In the play, a gay Chinese man named Don returns to his home in Hawaii to confront his past. While meeting up with the family, he has run-ins with his father and sister.
Liu’s show won the prestigious Paula Vogel Playwriting Award in 2017. Yangtze Rep is staging the production as an event commemorating the 50th anniversary of the Stonewall Rebellion, which occurred only a few blocks away. The company is interested in giving more opportunities to queer Asian and Asian-American voices in the theater.
Leibenluft is an accomplished director and Obie Award winner. He has helmed productions of I’ll Never Love Again (a chamber piece), How I Learned to Drive and Lost Tribe.

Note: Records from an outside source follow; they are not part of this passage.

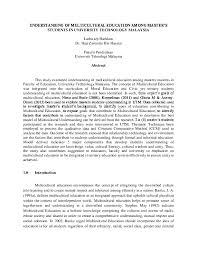 Since the mid 1990s, international students have been coming to malaysia to pursue their tertiary education at malaysia's higher educational institutions. Pdf Understanding Of Multicultural Education Among Master S Students In University Technology Malaysia Latha Kanan Academia Edu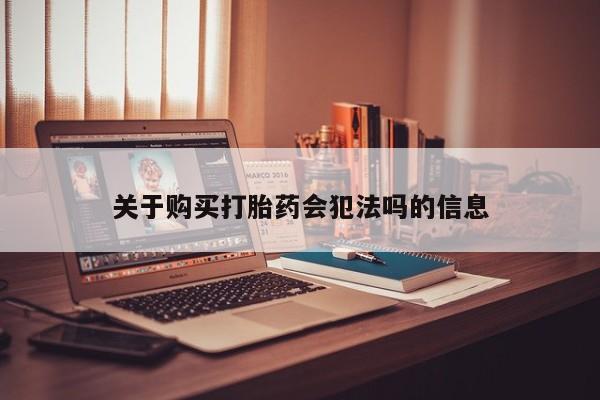 私人打胎药货到付款的关于购买打胎药会犯法吗的信息
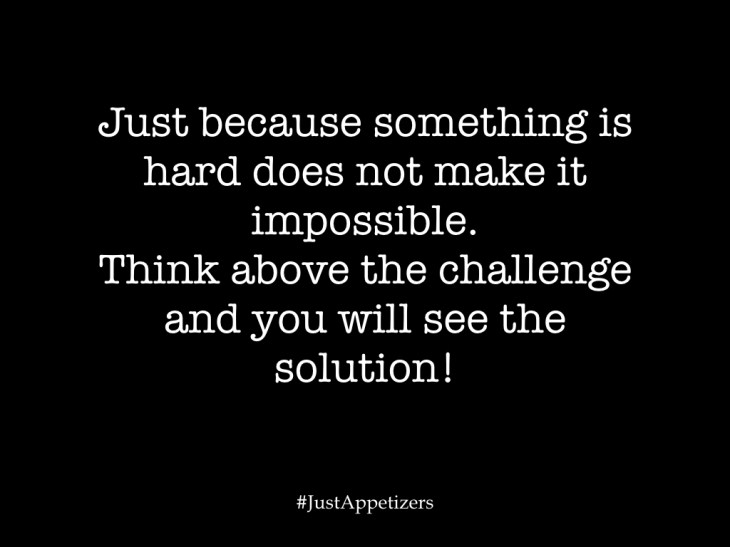 Hard does not mean impossible.001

He has assistant directed at Signature Theatre, Playwrights Horizons, Atlantic Theatre, P73 and American Theater Company. The Yale alumnus is also the founder of Gung Ho Projects, which is an educational and cultural exchange platform dedicated to increasing understanding between the U.S. and China.
Recently Hollywood Soapbox exchanged emails with Leibenluft about the new show. Questions and answers have been slightly edited for style.
What do you believe are the important messages of June Is the First Fall?
I think the play reveals our tremendous capacity for monumental change and discovery in the course of our lives. It also shows how the physical journeys we take — moving to the ‘big city’ or even to a new country — can intersect with a parallel process of self-discovery and transformation.
What inspired you to join this production as director?
I worked with the playwright, Yilong Liu, this past summer on a new project in Sichuan. He’s one of the writers on a bilingual folk musical my company Gung Ho Projects is creating. It’s called Flood in the Valley and is centered on minority hillside communities in Sichuan and Appalachia. In the process I met his family, and we collaborated, speaking a mixture of Chinese and English.
Back at home in New York, it’s been exciting to build our collaborative relationship but in a new cultural environment. We’re both gay men familiar with moving between Chinese and American cultural contexts, although we share such different backgrounds, and so I think it has made for a natural and dynamic joining of forces.
Do you believe the themes of the play are important to discuss in 2019? Are the themes of immigration, identity and sexuality very topical given today’s political scene?
Absolutely!
How have rehearsals been going? What’s it like to work with this ensemble of actors?
They’re a wonderful group and have been tremendously generous. We’ve developed the play significantly throughout the process, and their input and intuitions have been crucial to uncovering the core of the play.
You have experience working theatrically in China and being a bridge between the two cultures. What is it about the culture, the communities and the art of this country that draws you in professionally?
I am an ardent believer in the capacity of the arts and particularly performance to further intercultural dialogue. If we can get in a room together, share ourselves and create something new, then we are modeling a process of how to collaborate across culture and language as well as creating work that can hopefully further the larger societal conversation.
I’ve spent more than a decade learning Chinese and working between China and the U.S. because I think that there is tremendous potential and need for exchange between both countries. In our socio-political moment, the conversation feels essential and urgent, which is why I am passionate about keeping it going.